◆ Task brief ◆
Nothing but the lines below from the one that contains "Logement Chaleureux Avec" through the one that contains "18th century, Small" should be retyped, exactly and including both ends. Do not include pictures.

◆ Records provided ◆
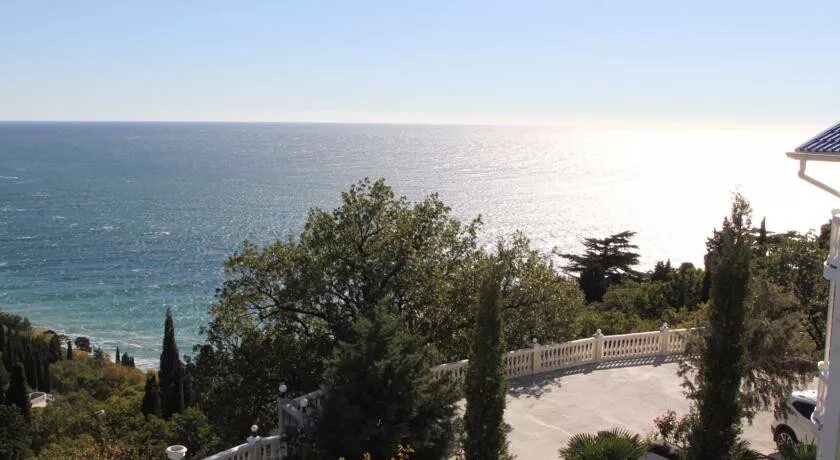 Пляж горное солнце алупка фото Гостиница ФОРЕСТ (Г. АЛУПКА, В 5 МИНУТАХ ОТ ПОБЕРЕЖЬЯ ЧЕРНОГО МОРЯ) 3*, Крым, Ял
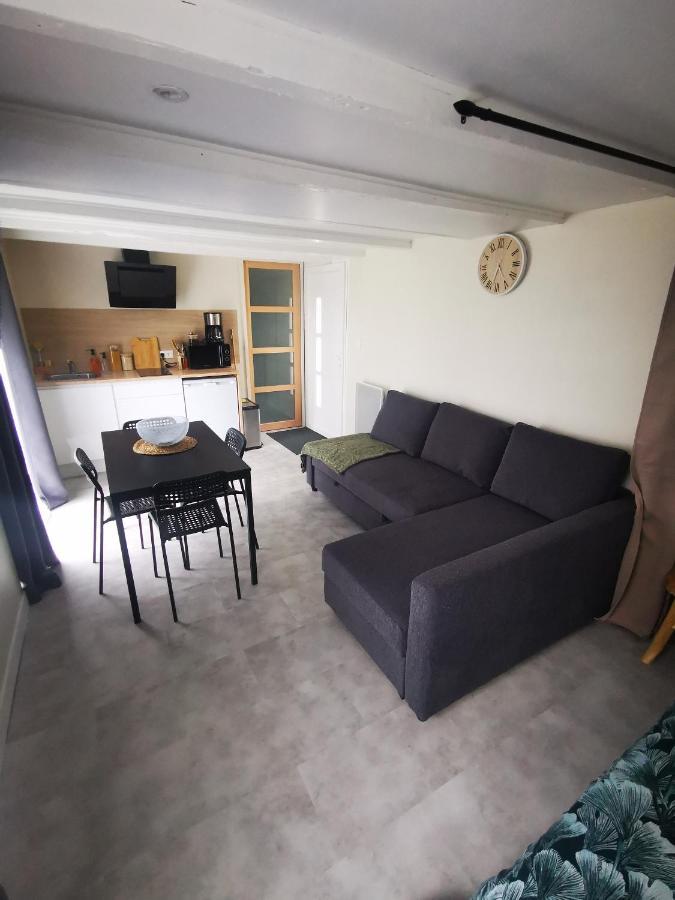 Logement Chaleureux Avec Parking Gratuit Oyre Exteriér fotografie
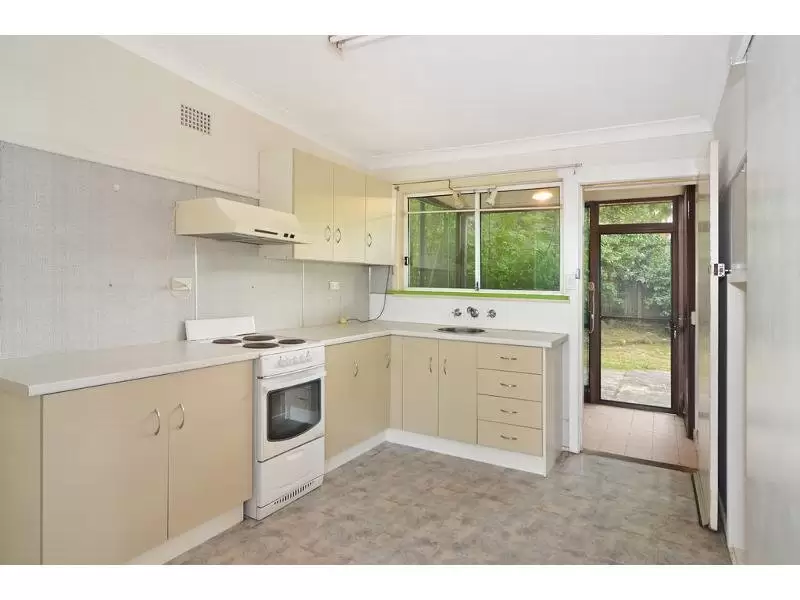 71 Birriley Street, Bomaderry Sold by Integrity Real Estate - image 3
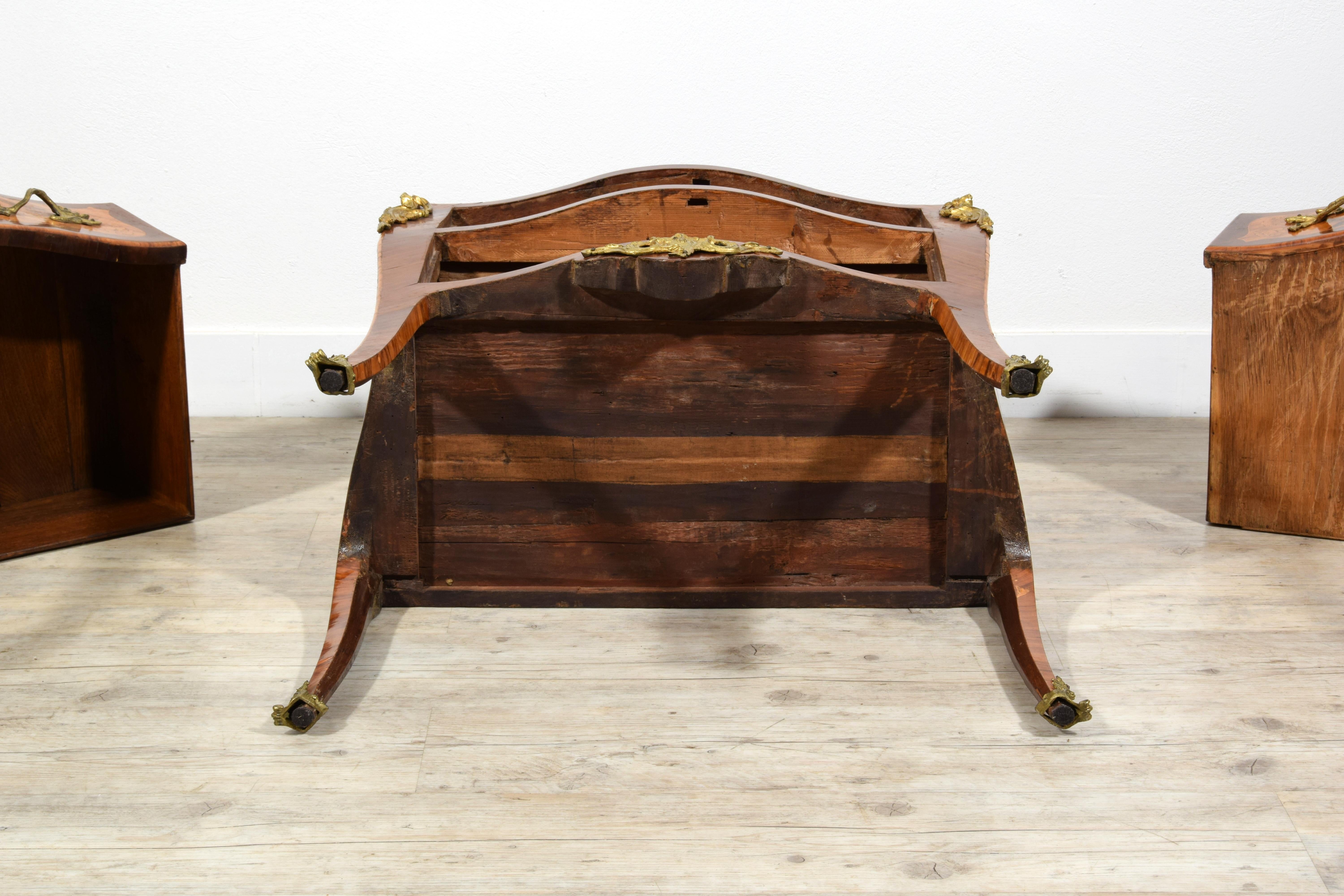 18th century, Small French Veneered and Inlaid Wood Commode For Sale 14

---

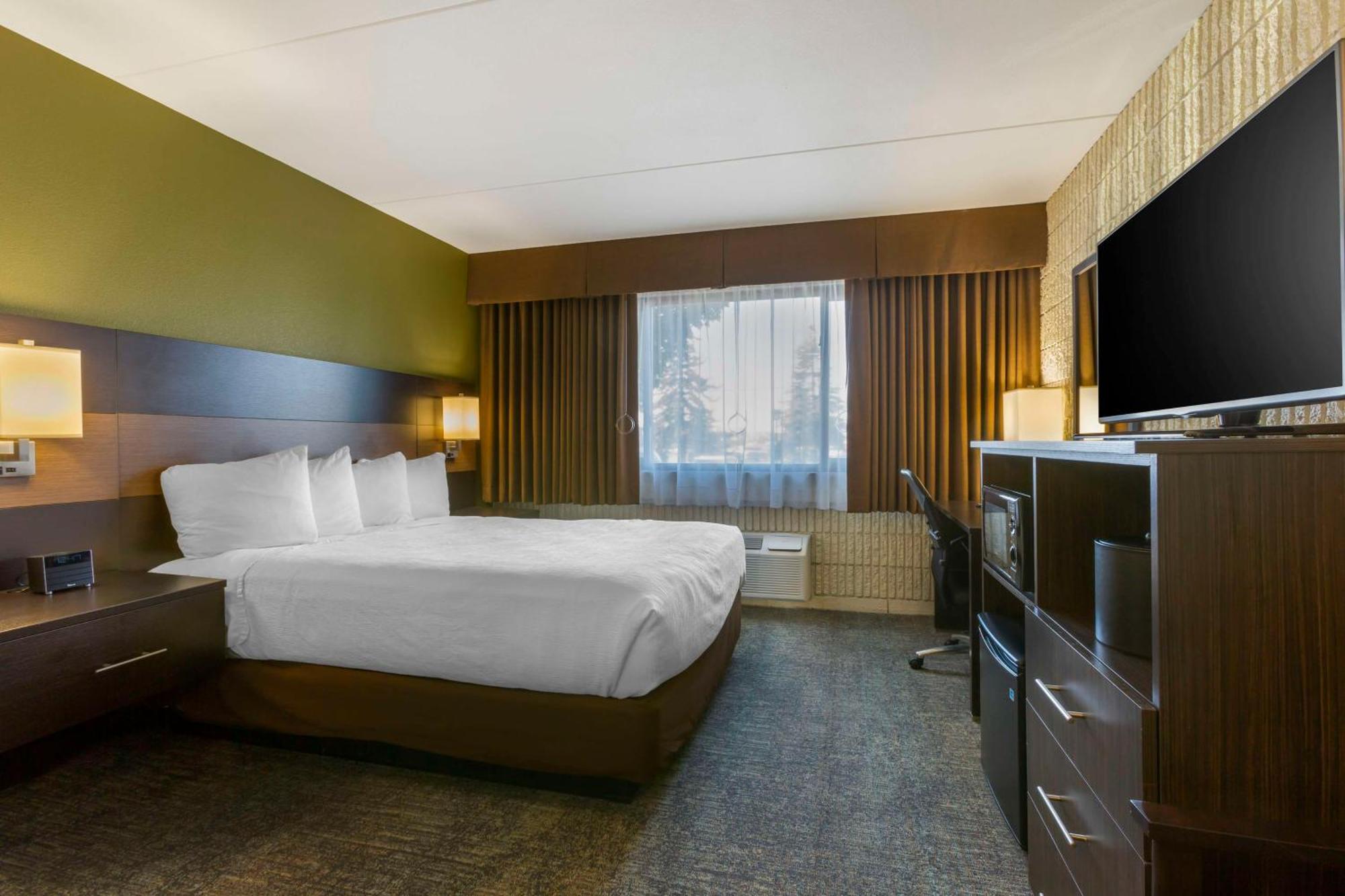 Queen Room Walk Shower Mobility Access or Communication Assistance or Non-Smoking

◆ Answer box ◆
 Logement Chaleureux Avec Parking Gratuit Oyre Exteriér fotografie
 71 Birriley Street, Bomaderry Sold by Integrity Real Estate - image 3
 18th century, Small French Veneered and Inlaid Wood Commode For Sale 14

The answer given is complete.